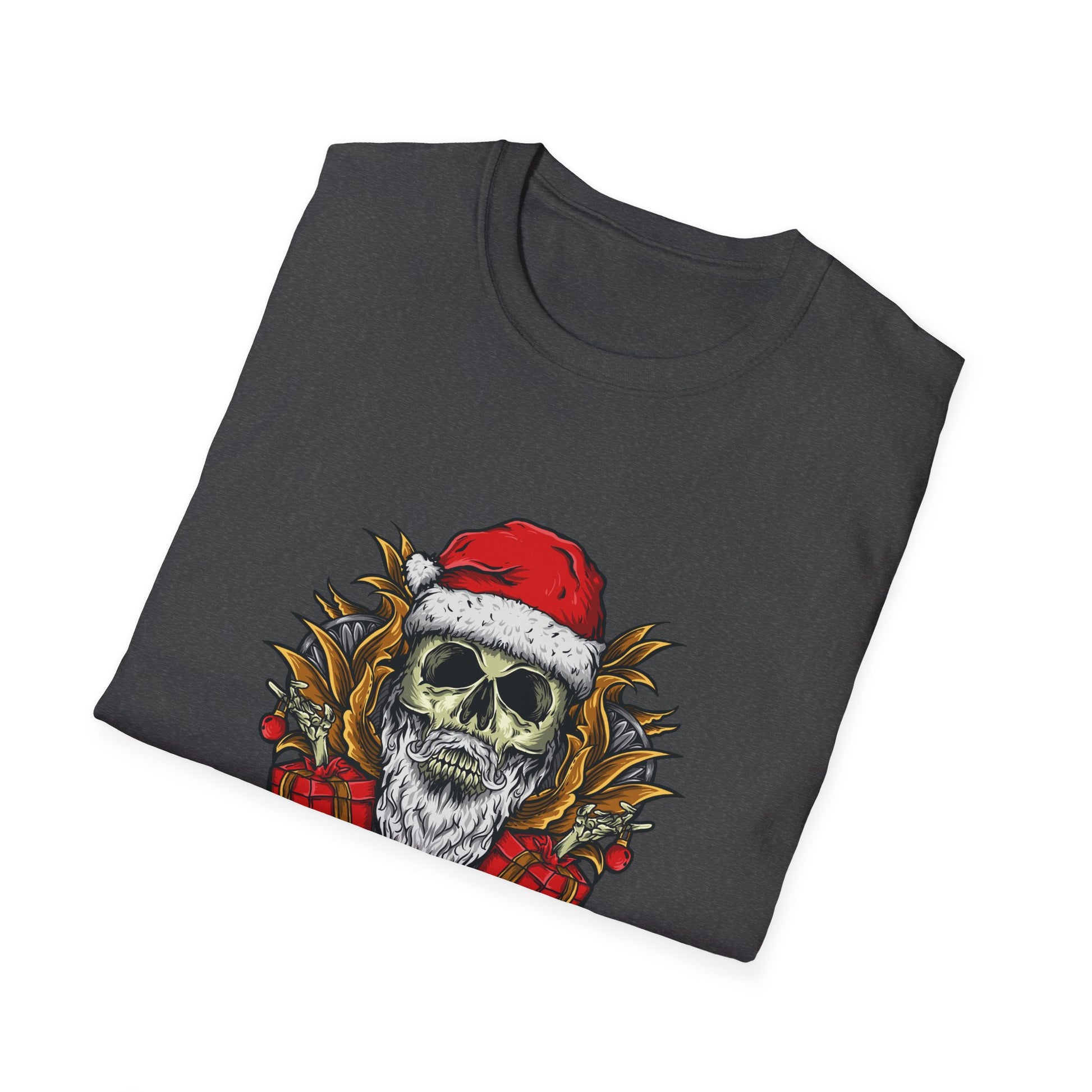 Skull Santa T-Shirt — 'Merry Christmas' Gothic Holiday Tee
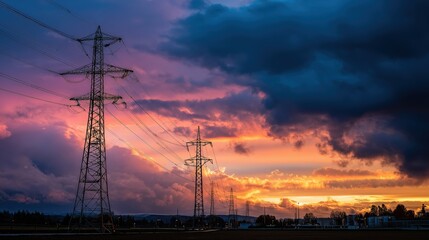 Fototapeta premium Electricity transmission towers at dusk in countryside with glowing sky, power industry infrastructure, urban development, and sustainable energy concept.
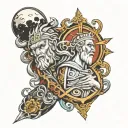 multi religion mythology gods right arm sleeve tattoo design idea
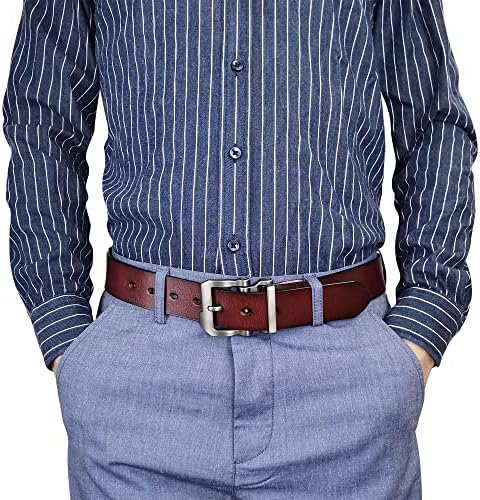 Cintos de jinghao para homens grandes e altos, couro de cinto para homens para vestido de jeans casual trabalha em todos os tamanho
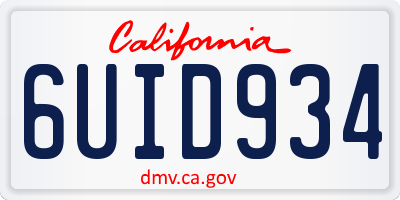 CA license plate 6UID934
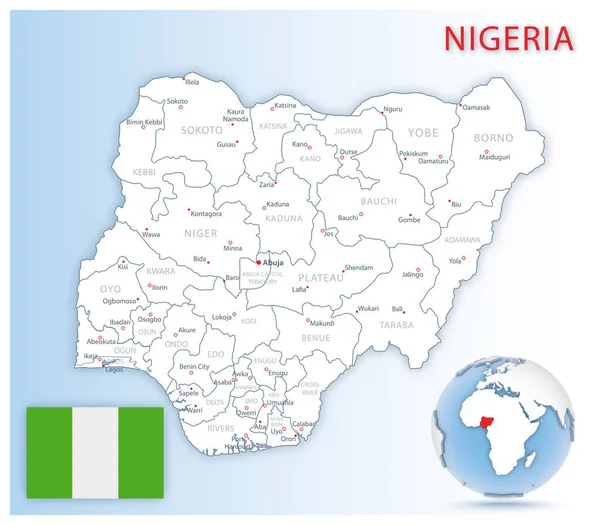 Mapa administrativo detallado de Nigeria con bandera del país y ubicación en un globo azul . — Vector de stock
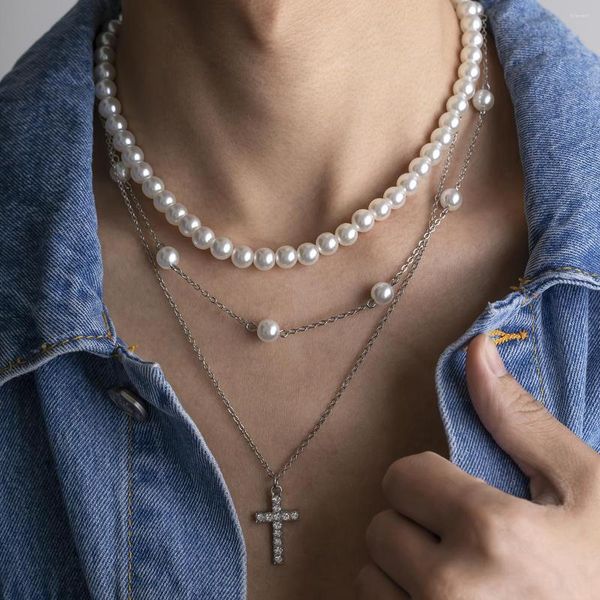 Collane con ciondolo Salircon Collana di perline di perle d'imitazione di moda per uomo Gioielli di tendenza punk con strass squisiti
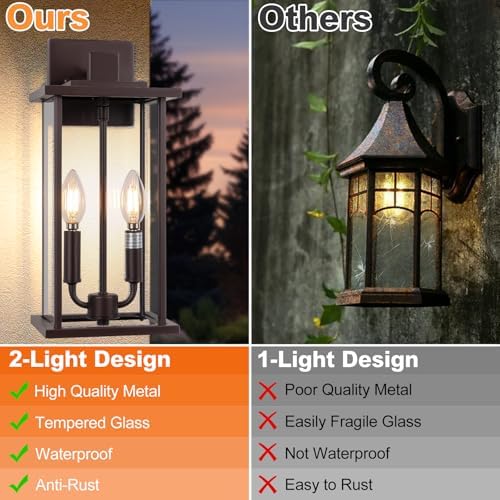16 Inch 2-Light Brushed Bronze 2 Pack Large Outdoor Wall Sconce - Image 4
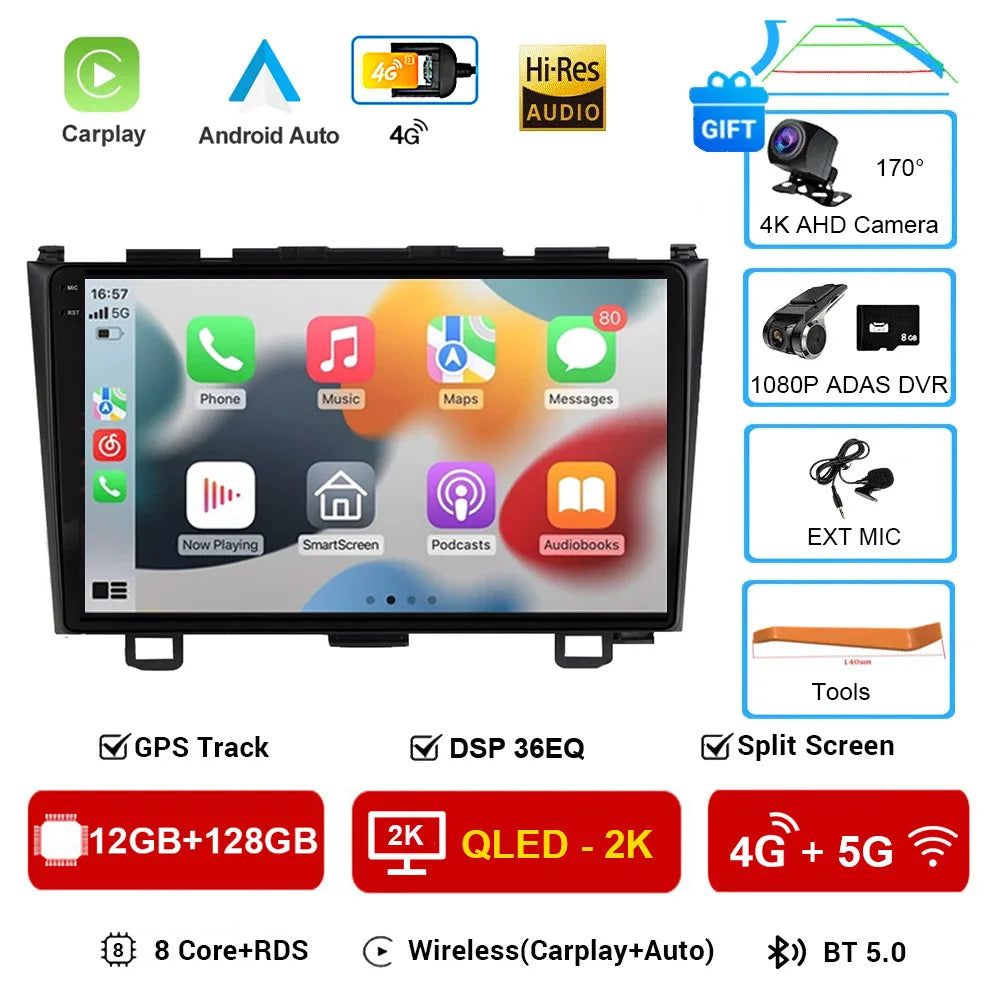 Android 16 Car Radio For Honda CR-V 3 RE CRV 2007-2011 Multimedia Video Player 2 Din Navigation GPS Carplay DVD Head Unit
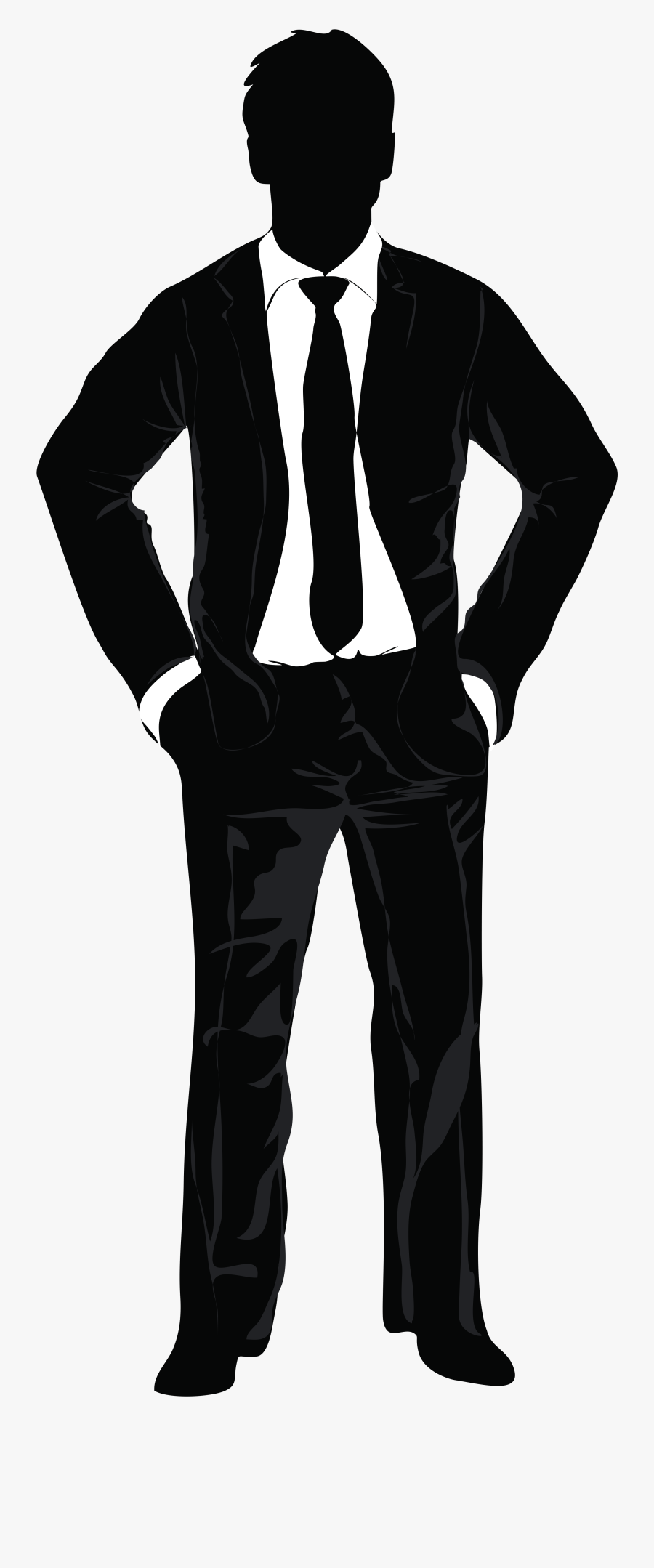 Confident Working Man -silhouette - Silhouette Transparent Man Standing, Transparent Clipart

======

▸ **Task brief**
Each line from the one containing "Mapa administrativo detallado" down to the final line of the records above must be reproduced exactly; no pictures go into the copy.

▸ **Problem solution**
 Mapa administrativo detallado de Nigeria con bandera del país y ubicación en un globo azul . — Vector de stock
 Collane con ciondolo Salircon Collana di perline di perle d'imitazione di moda per uomo Gioielli di tendenza punk con strass squisiti
16 Inch 2-Light Brushed Bronze 2 Pack Large Outdoor Wall Sconce - Image 4
 Android 16 Car Radio For Honda CR-V 3 RE CRV 2007-2011 Multimedia Video Player 2 Din Navigation GPS Carplay DVD Head Unit
 Confident Working Man -silhouette - Silhouette Transparent Man Standing, Transparent Clipart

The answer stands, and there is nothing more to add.